Failures for application rolling restarts
Incident Report for cloud.gov
Resolved
On January 9 around 11 AM ET, the cloud.gov began deploying an update to CloudFoundry, which is the underlying technology for our platform. About an hour later at 12 PM ET, some customers who were attempting to do a rolling restart of their applications began reporting failures.

After some investigation, the cloud.gov determined that there was a bug in part of the CloudFoundry release which was updating database schemas, which in turn was causing application rolling restarts to fail.

Once the team recognized the issue, they rolled back our deployment of CloudFoundry to the previous stable version. Customers reported that application restarts had stabilized around 2 PM ET.

As an aside, while cloud.gov does have development and staging environments were platform updates are tested before pushing to production, this bug was not caught in those environments because there are no applications that do rolling restarts in those environments.

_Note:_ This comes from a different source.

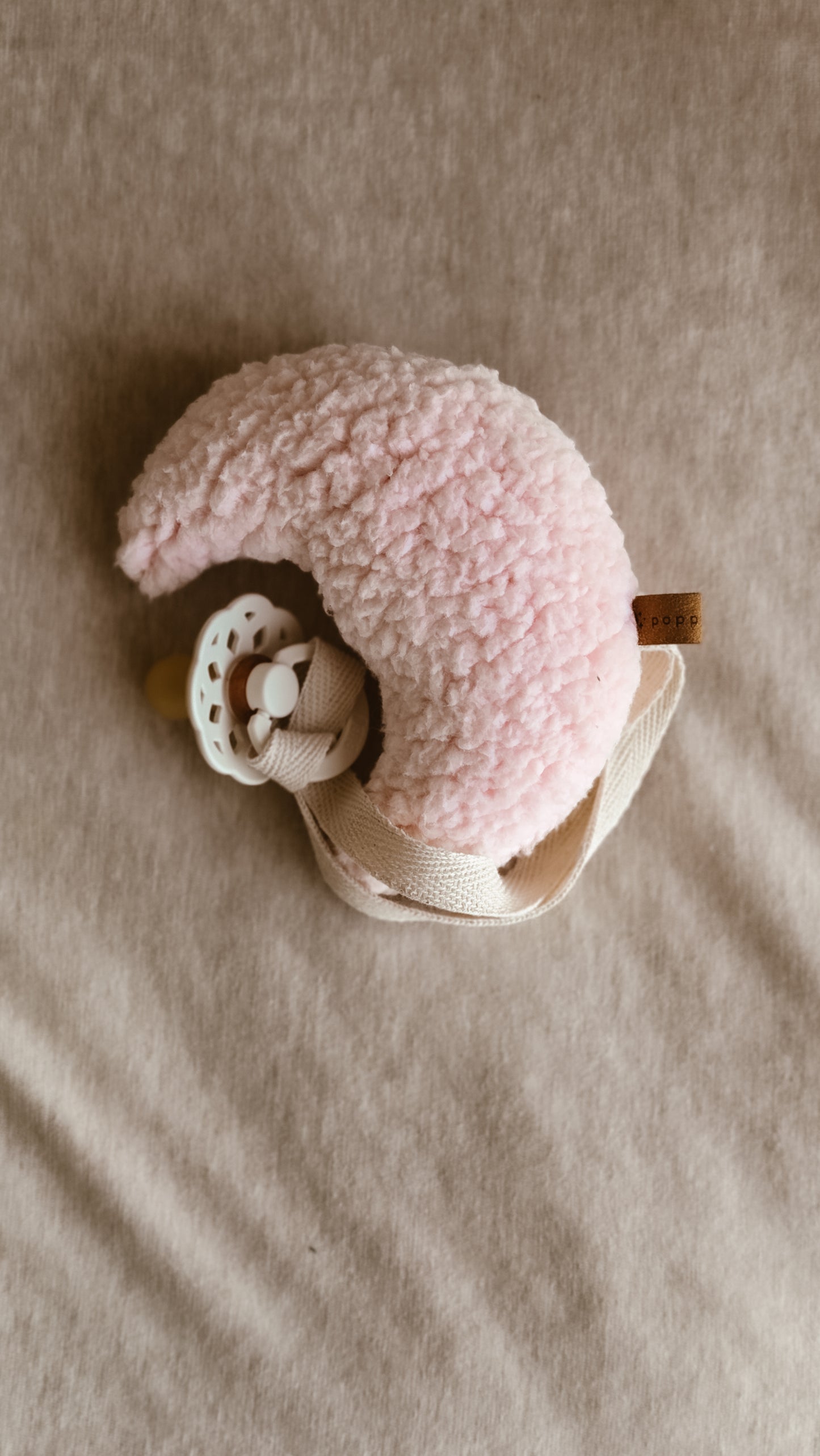 Pink Bouclé Moon Pacifier Chain – Handmade Dummy Chain in Soft Pink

As a follow up, the cloud.gov team did report this deployment bug to the CloudFoundry team and they have opened an issue to resolve it: https://github.com/cloudfoundry/cloud_controller_ng/issues/3592. The cloud.gov team will keep our deployment of CloudFoundry using the latest known stable version until this bug is fixed.

As always, we apologize for the inconvenience and we will work to ensure a similar incident does not recur in the future.

Thanks for being a cloud.gov customer!
Posted Jan 09, 2024 - 11:00 EST